The Irishman: Redemption Through A Crack In The Door

The Irishman: Redemption Through A Crack In The Door

By

Leonard Zwelling

Martin Scorsese makes movies about gangsters. He also makes movies about real people, including Jesus (The Last Temptation of Christ). Some of his best movies are about real people who happen to be gangsters. The Irishman is such a film. It’s not good. It’s great!

Sadly, as I write this, The Irishman may disappear from movie theaters and find its home with the Netflix people who paid for it to be made. This is sad because The Irishman is a big film worthy of a big screen, even if the big screen is a smallish one at the River Oaks Theater where we saw it. Lots of people agree as the audience seats were full on a Saturday at 3:30. Netflix is throwing away box office revenue, but maybe millennials only go to movies where lots of stuff blows up and everybody who’s a good guy wears a cape. No worries, stuff blows up in The Irishman. No capes though.

This film purports to be the true story of a mob hit man named Frank Sheeran (Robert De Niro) and his affiliation with both the Bufilino crime family (headed by a brilliant Joe Pesci doing his best work in years) and the Teamsters Union led by its charismatic leader Jimmy Hoffa (Al Pacino, also very good). The film itself is huge, 209 minutes. The canvas on which Scorsese paints is also big and includes the inside workings of the mob and the big news events of the times depicted side-by-side–the Bay of Pigs, the Cuban Missile Crisis and the Kennedy Assassination. It makes the case and the explanation for why organized crime wanted Kennedy dead (he hadn’t delivered Cuba back to the Mafia as a place for illicit business) and takes a narrative line on why Jimmy Hoffa went missing. This is not an ambiguous film without a point of view. It makes the case that there are no accidents in history. Powerful men move the world with money and guns.

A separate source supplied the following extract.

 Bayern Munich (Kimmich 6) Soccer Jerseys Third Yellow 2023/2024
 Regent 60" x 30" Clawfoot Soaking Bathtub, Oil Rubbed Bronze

But like all the best of Scorsese’s films, this one has the hero being redeemed or at least keeps the door open to the hero’s redemption despite all the bad things the hero does. This too is not ambiguous as the last shot of the film has Frank Sheeran in his wheel chair in a nursing home requesting a departing priest leave the door open a crack. There is also much made of the fact that Frank will not be cremated after he dies. That’s too final. Even that door must remain open. Just in case.

This long brilliant screenplay by Steve Zaillian draws the line from Frank Sheeran’s early days as a crooked truck driver stealing meat to his involvement with Russell Bufilino (Pesci) and then to his long friendship with Jimmy Hoffa whose Teamsters pension plans funded some of the Mafia’s boldest projects in Las Vegas, Miami and elsewhere. The intertwining of crime, government and unions that was an open secret to us growing up in the 1960’s is clarified and personalized in this brilliant work of art.

It is the tableau of lavish production values, brilliant acting, a great script, and the real events known to my generation that sets this above all of Scorsese’s other works beside Last Temptation, my vote for his best film ever.

In the three plus hours you get the sense of knowing both Jimmy Hoffa and Frank Sheeran, while most of the rest of the gangsters save Pesci seem to be paper cutouts, caricatures or mysterious wizards in the dark who have others do their dirty work while pulling the strings of American culture from gambling to government. When there is a snag, the gangsters eliminate the snag, no matter how big the snag seems to be. As Pesci’s character warns Hoffa, “if they can kill the president, they can kill the president of a union.”

I am afraid that those who watch this on television will miss something. This is a film meant to be seen in the theater with no bathroom breaks or pauses for popcorn in the kitchen.

I don’t know if this will win the Academy Award. As much as Hollywood loves gangsters and Scorsese, they love Hollywood more and that’s what Tarrentino turned out this year. There is also little doubt that Joe Pesci will be vying with Brad Pitt for the Best Supporting Actor trophy throughout the awards season.

You will probably have to watch The Irishman on TV. Do that. But if you ever get the chance to see it on the big screen, do that, too. This film is why there are movie theaters.